My friend and I woke up at an ungodly hour to catch the first train out. We had packed our staple out-and-about lunch of ham and cheese sandwiches, bananas, and huge red strawberries. We contemplated whether this might be too much; deciding in favour of excess rather than want, we tossed in another banana and were on our way. We were headed to Utrecht.

We reached as the sun was just starting to gently warm the chilly February morning. The city seemed tiny and quaint, and positively pulsing with soft energy. People milled about us, and the air smelled of waffles and vanilla.

We made our way to our first stop, the city square, where we met our walking tour guide. I remember this walking tour as the one which won me over for this style of tourism for life: I insisted on taking a walking tour of every single city I ever visited after Utrecht. Apart from her career as a charming and knowledgeable walking tour leader, our guide was a history teacher, and would intricately trace each snippet of information she disclosed about the city to the most ethereal mythological tales, or to real-life events. While talking about a bridge that historically, no member of the royal family was supposed to pass under, she explained how the prince had had to sprint across an alternate route – to much bemusement – when his college graduation procession marched under the bridge.

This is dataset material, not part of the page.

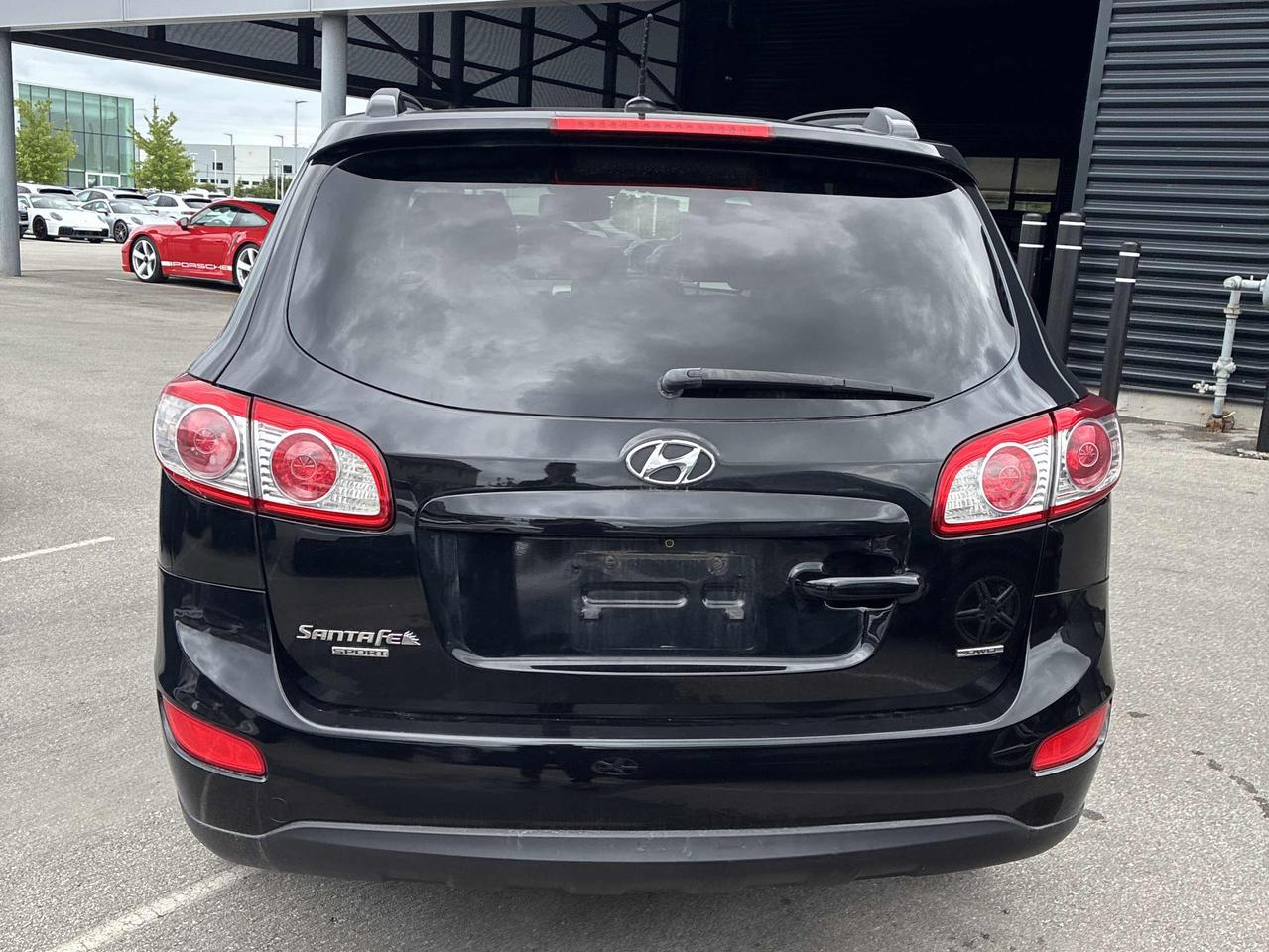 2012 Hyundai Santa Fe GL Sport - AWD, ONLY 107K, SUNROOF, HEATED SEATS! Photo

After walking for miles and drinking enough lattes to feel energetic again, I stepped inside a museum known for its exhibition of self-playing instruments. There were tiny pianos playing Beethoven’s fifth without human stimulation, parked next to giant machinery exhibits where you could see how these instruments functioned. Napoleon was a great lover of music, and had commissioned several clocks which would play soothing symphonies for him as he strategised. These were displayed placed on heavy blue velvet, with elaborate descriptions. I purchased a pocket-size wind-up music box at the gift shop for my sister, who I knew would have loved the museum as much as I did.

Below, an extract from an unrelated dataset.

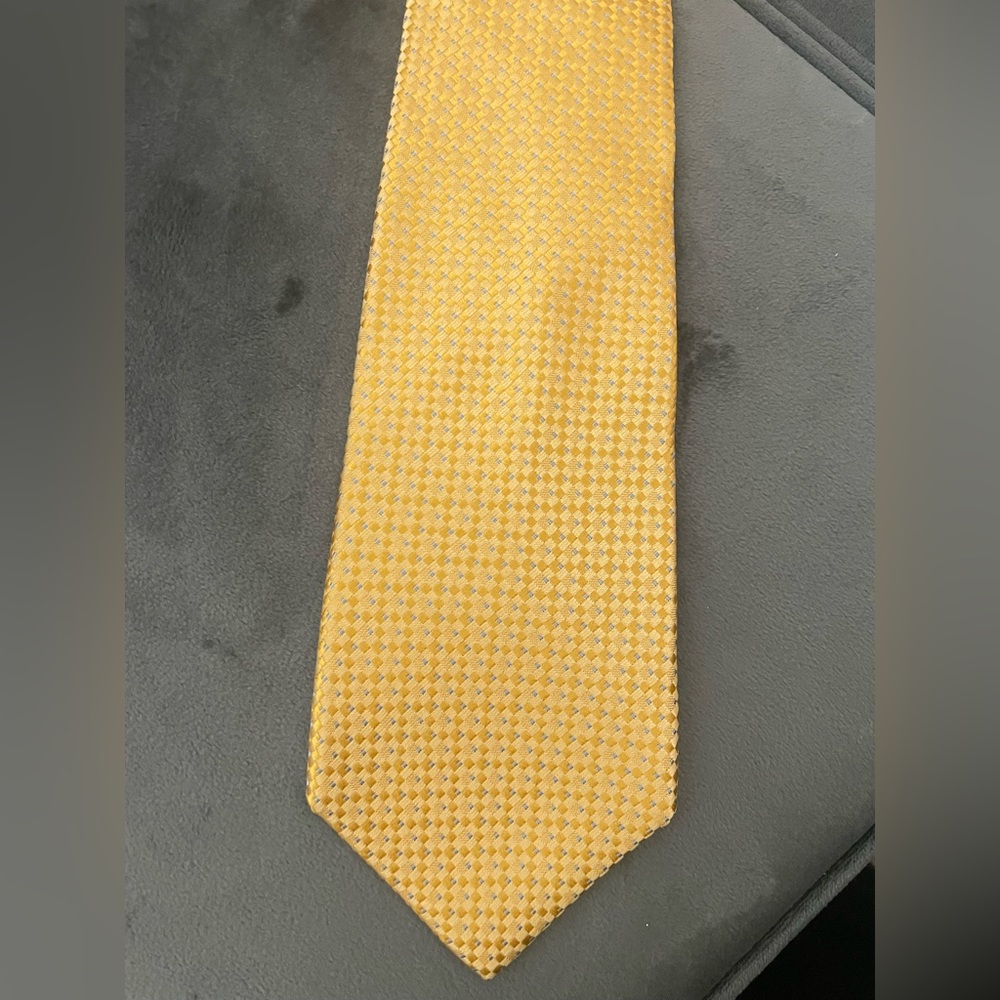 Yellow pattern tie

We ended our day by participating in something called the ‘luminosity walk’, or the search for lights, where you are given a map containing fifteen destinations. Each destination – a building, square or path – is lit in a unique way by a different artist each, and you have to plan your journey in a way that the lights end up forming a pattern. This pattern is subjective, and depends on how you interpret each artist’s work. Again, we walked for hours, well into sunset (so as to better see the lights), and explored pristine, special areas of Utrecht on foot.

We reached home tired, but so happy to have spent a day in one of the sweetest cities we knew.